Saved data entries

# # # #

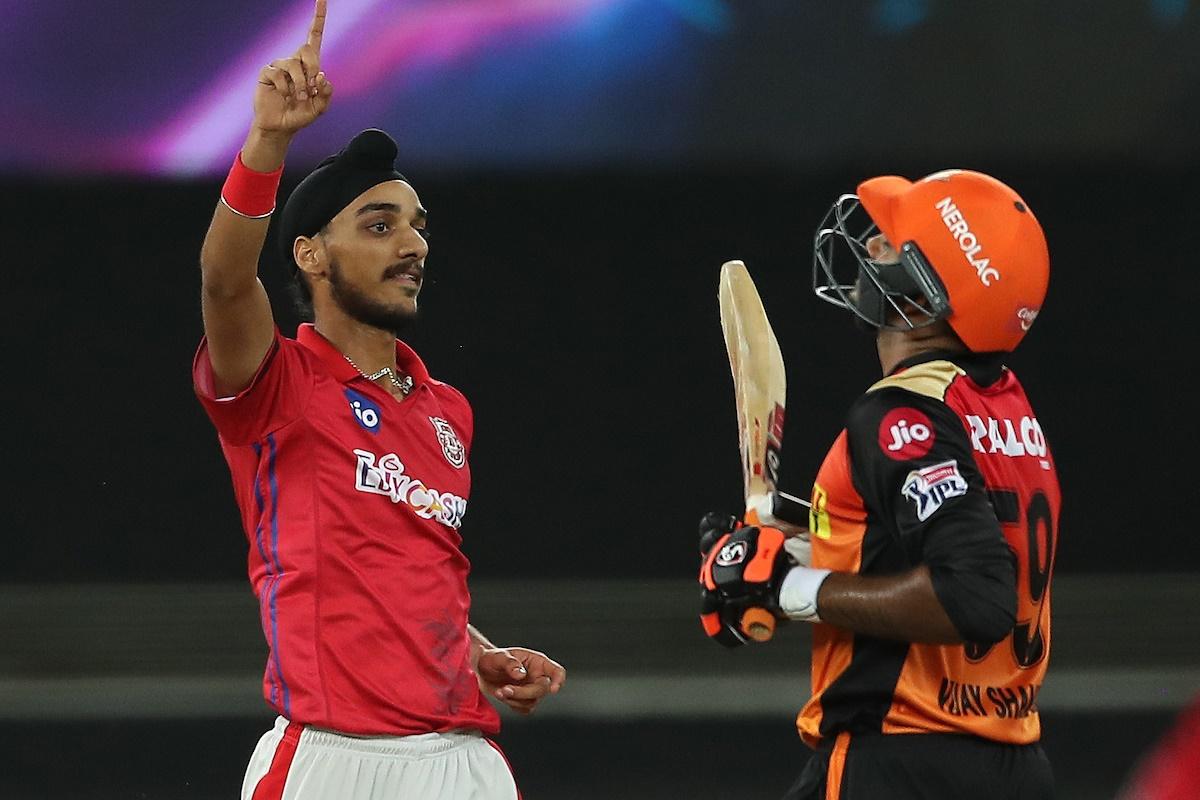 Kings XI pacer Arshdeep Singh celebrates after dismissing Vijay Shankar during the IPL match against SunRisers Hyderabad, in Dubai on Saturday.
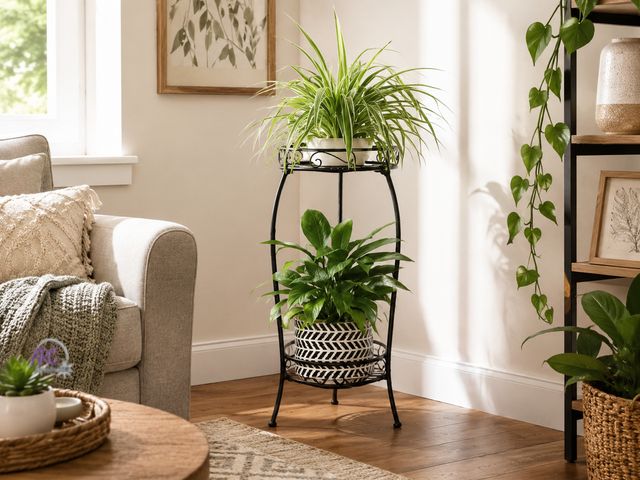 Lot 56-488464 - New in Box -  (27.16 in. H. ) - Heavy Duty Metal Plant Stand with 2 Tier for Indoor Outdoor Planter ...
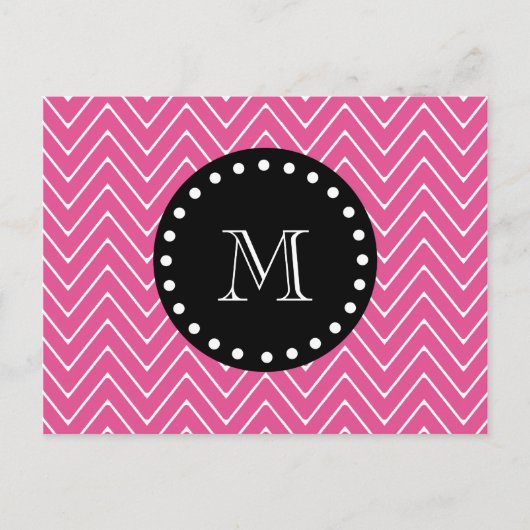 Hot Pink Chevron Pattern | Zwart monogram Briefkaart (Voorkant)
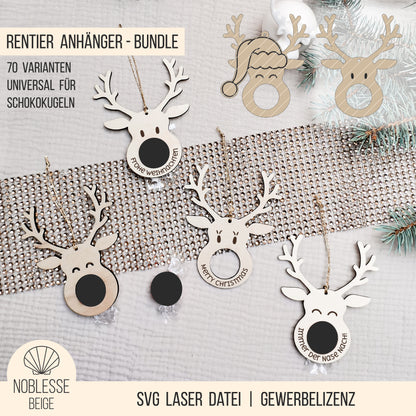 Rentier Anhänger für Schokoladekugel | Bundle | SVG Laserdatei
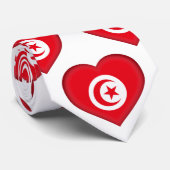 Tunisie Drapeau couleurs Motif de coeur Cravate (Roulé)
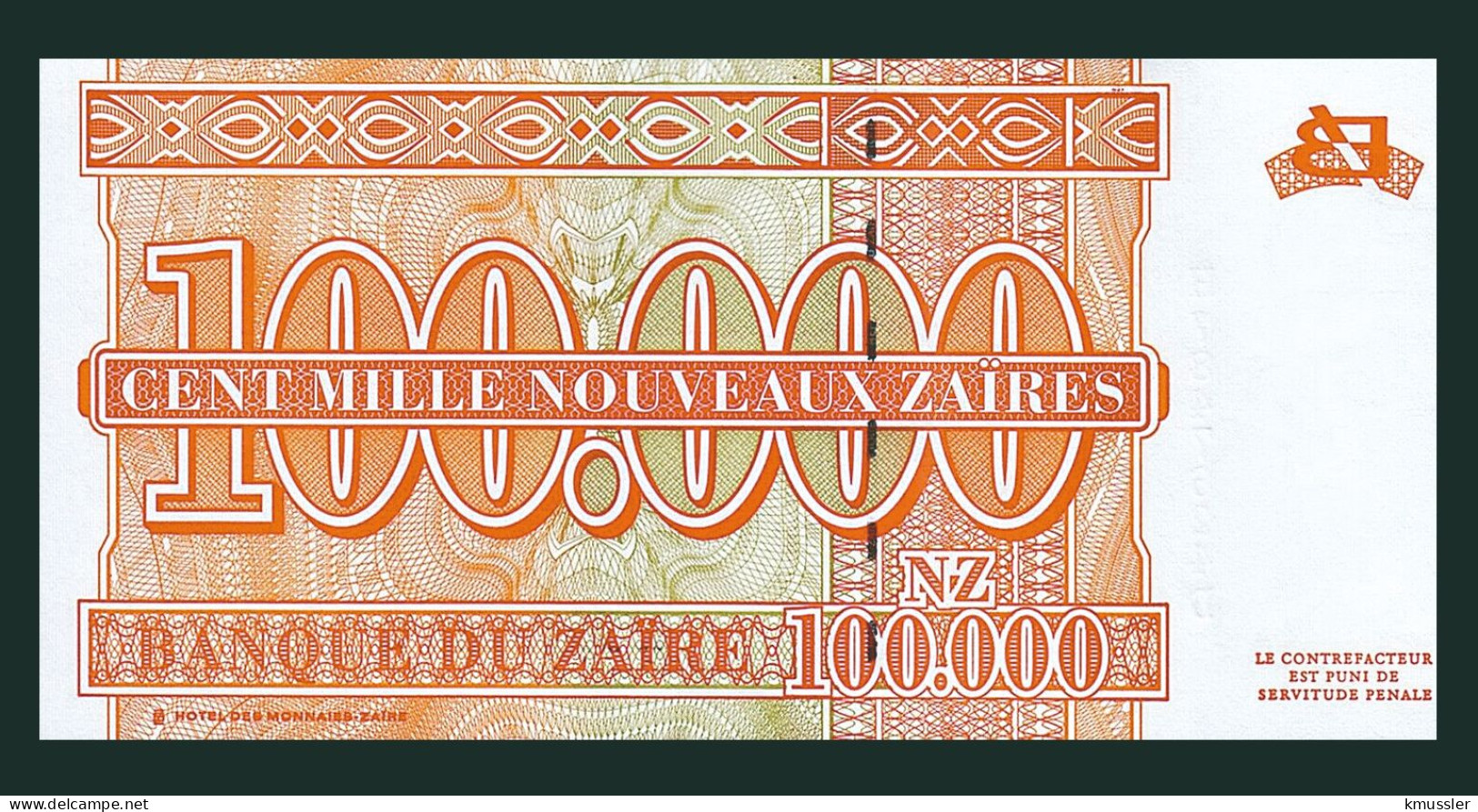 # # # Banknote Zaire 100.000 Zaires 1995 (P-77) HDMZ UNC # # # - Zaire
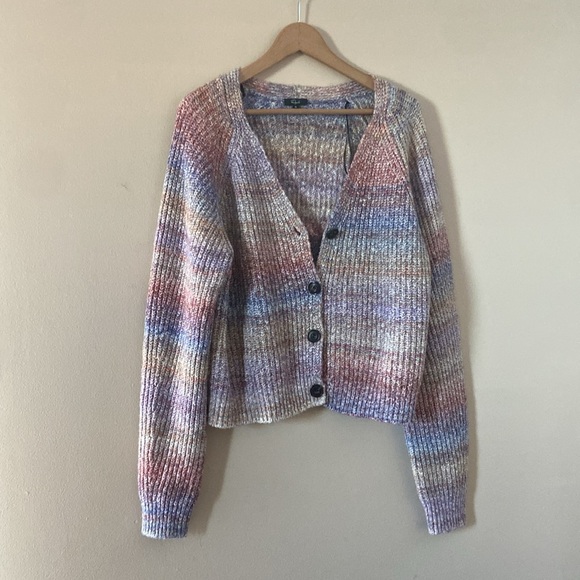 Rails -Josie Cardigan Amethyst Space Dye Multi Color Wool Blend Chunky Sweater - Picture 7 of 11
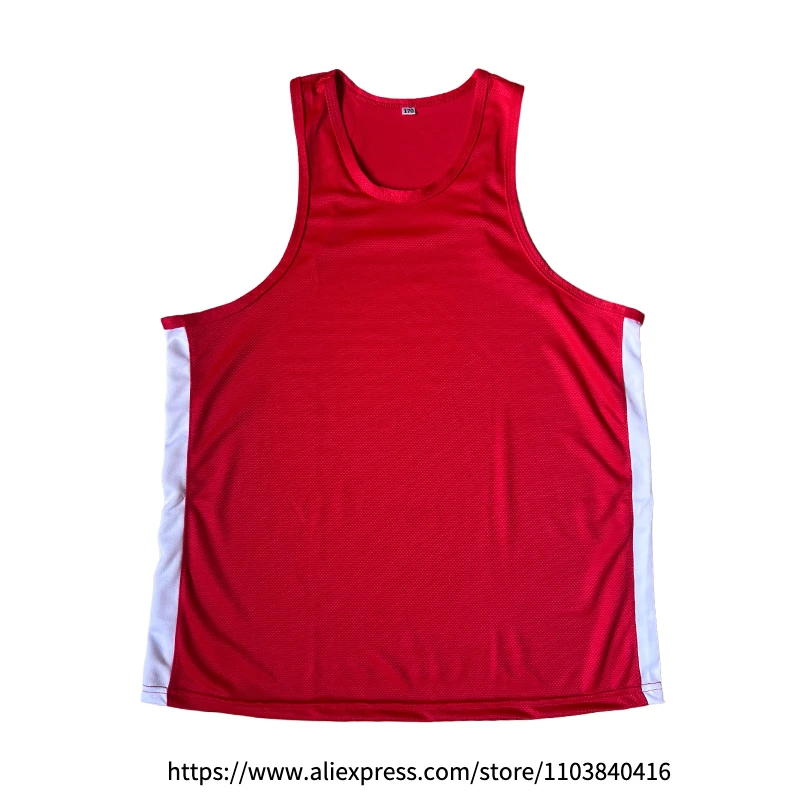 Red Boxing Shorts Shirt Set Muay Thai Shorts Men Women Kids Boy Girl Sanda Wushu Martial Arts Shorts and Sleeveless Singlet Set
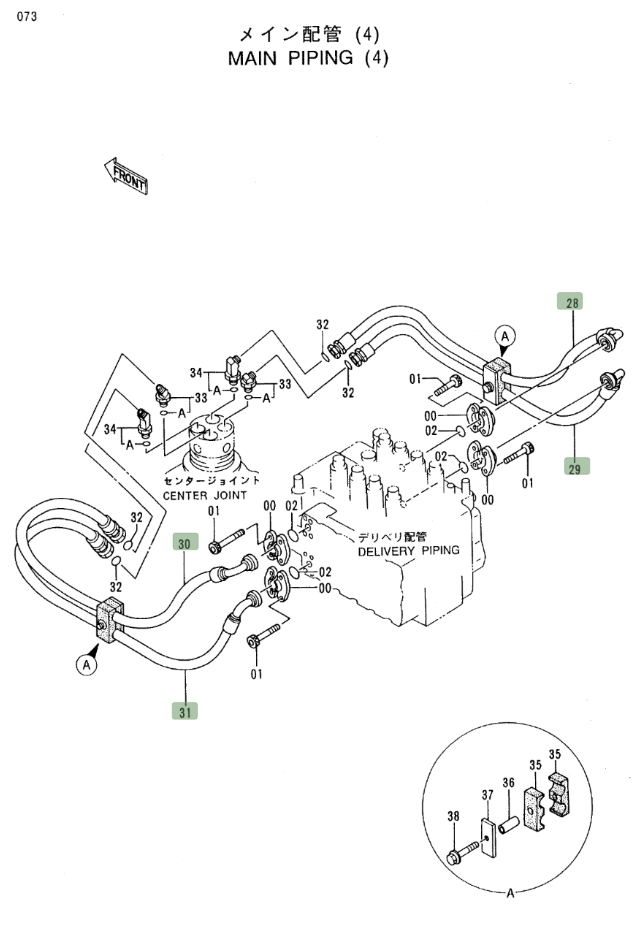 Hitachi EX450LC-5 installation diagram showing hydraulic hose 4316573 at Pipe No. 29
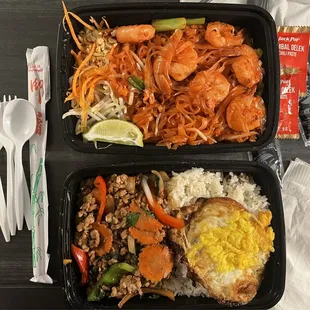 Pad Thai and Pad Kra Pow with Fried Egg (OVR) Yummm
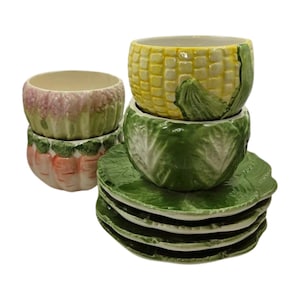 Vintage Majolica Vegetable Ware Set: Hand-Painted Cabbage, Corn, Carrot Bowls, Plates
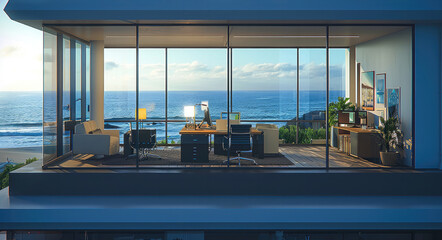 Front view of a office, a startup company working area, a small company by the ocean. outside.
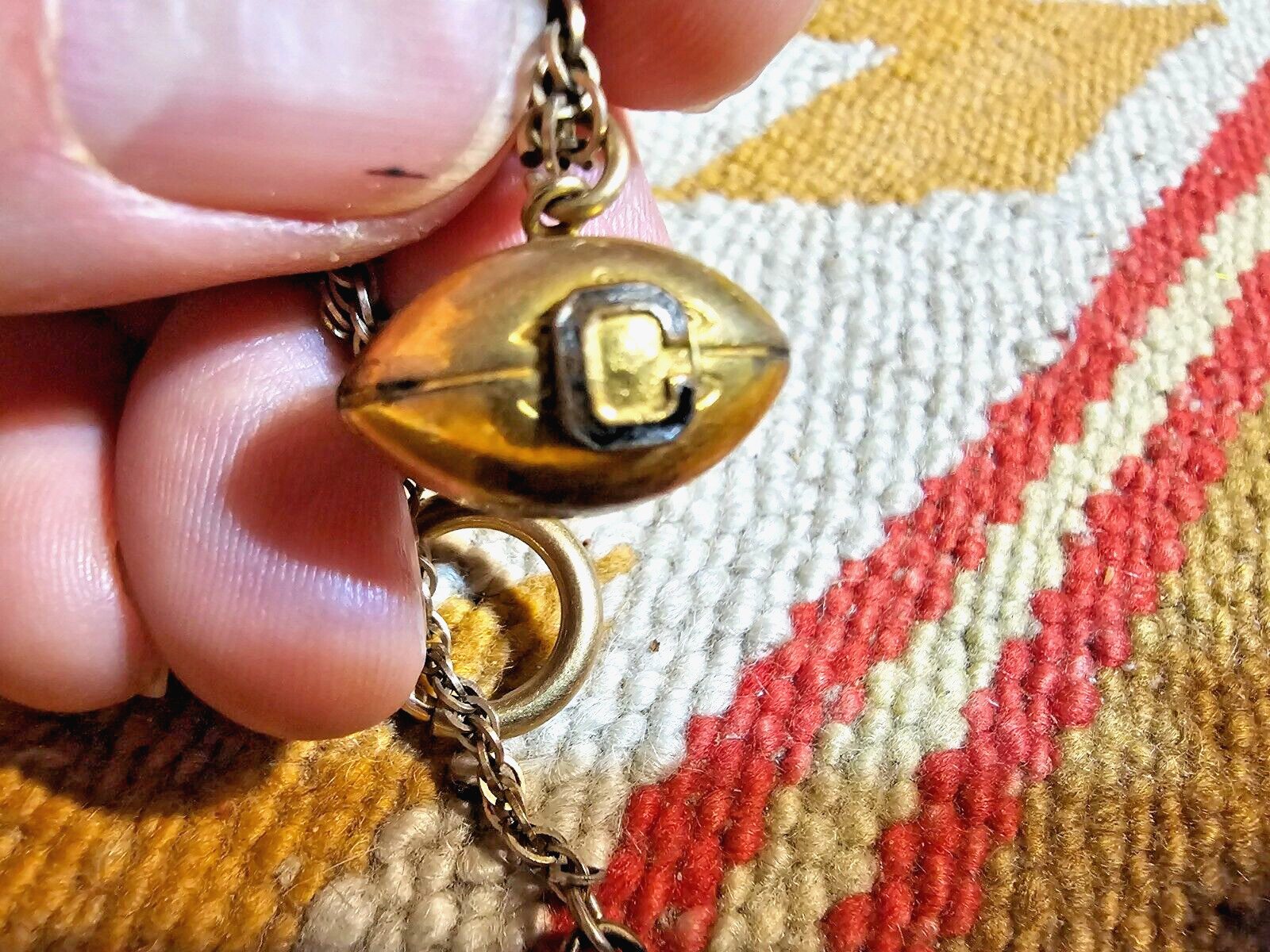 Cool ca1930s Letter C Enamel Gold Filled Football Charm Pendant Hadley Watch Fob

# # # #

== Work order ==
Output the records exactly as they appear, skipping any pictures.

== Expected answer ==
 Kings XI pacer Arshdeep Singh celebrates after dismissing Vijay Shankar during the IPL match against SunRisers Hyderabad, in Dubai on Saturday.
 Lot 56-488464 - New in Box -  (27.16 in. H. ) - Heavy Duty Metal Plant Stand with 2 Tier for Indoor Outdoor Planter ...
 Hot Pink Chevron Pattern | Zwart monogram Briefkaart (Voorkant)
 Rentier Anhänger für Schokoladekugel | Bundle | SVG Laserdatei
 Tunisie Drapeau couleurs Motif de coeur Cravate (Roulé)
 # # # Banknote Zaire 100.000 Zaires 1995 (P-77) HDMZ UNC # # # - Zaire
 Rails -Josie Cardigan Amethyst Space Dye Multi Color Wool Blend Chunky Sweater - Picture 7 of 11
 Red Boxing Shorts Shirt Set Muay Thai Shorts Men Women Kids Boy Girl Sanda Wushu Martial Arts Shorts and Sleeveless Singlet Set
 Hitachi EX450LC-5 installation diagram showing hydraulic hose 4316573 at Pipe No. 29
 Pad Thai and Pad Kra Pow with Fried Egg (OVR) Yummm
 Vintage Majolica Vegetable Ware Set: Hand-Painted Cabbage, Corn, Carrot Bowls, Plates
 Front view of a office, a startup company working area, a small company by the ocean. outside.
 Cool ca1930s Letter C Enamel Gold Filled Football Charm Pendant Hadley Watch Fob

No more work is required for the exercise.